ZURICH Feb 22 The Swiss government told the
finance ministry on Wednesday to come up with a Plan B by
mid-year for eliminating ultra-low tax rates for multinationals
after voters rejected the original proposal, setting up a clash
with other rich countries.
The Swiss had promised to meet international standards and
end by 2019 special low tax rates that benefit about 24,000
companies, a deadline that Finance Minister Ueli Maurer has said
was dashed by this month's referendum.
The cabinet instructed his ministry to "draw up the
substantive parameters for a new tax proposal by mid-2017 at the
latest", a quick pace welcomed by the main Swiss business lobby.
The ministry will consult representatives of political
parties, cantons, municipalities, business and labour in
crafting a new plan, which the full government will use to craft
new legislation that must get through parliament and probably
voters under the Swiss system of direct democracy.

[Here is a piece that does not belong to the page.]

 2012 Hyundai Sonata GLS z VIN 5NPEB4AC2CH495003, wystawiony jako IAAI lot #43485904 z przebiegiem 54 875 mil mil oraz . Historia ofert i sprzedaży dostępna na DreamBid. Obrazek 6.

Most Swiss recognise the country needs reform to avoid being
blacklisted as a low-tax pariah, but measures proposed to help
companies offset the loss of their special status breaks had
created deep divisions that led to the package's defeat.
The European Commission, which is in the process of drawing
up a blacklist of uncooperative tax regimes, has said it was
"very disappointed" with the Swiss referendum outcome.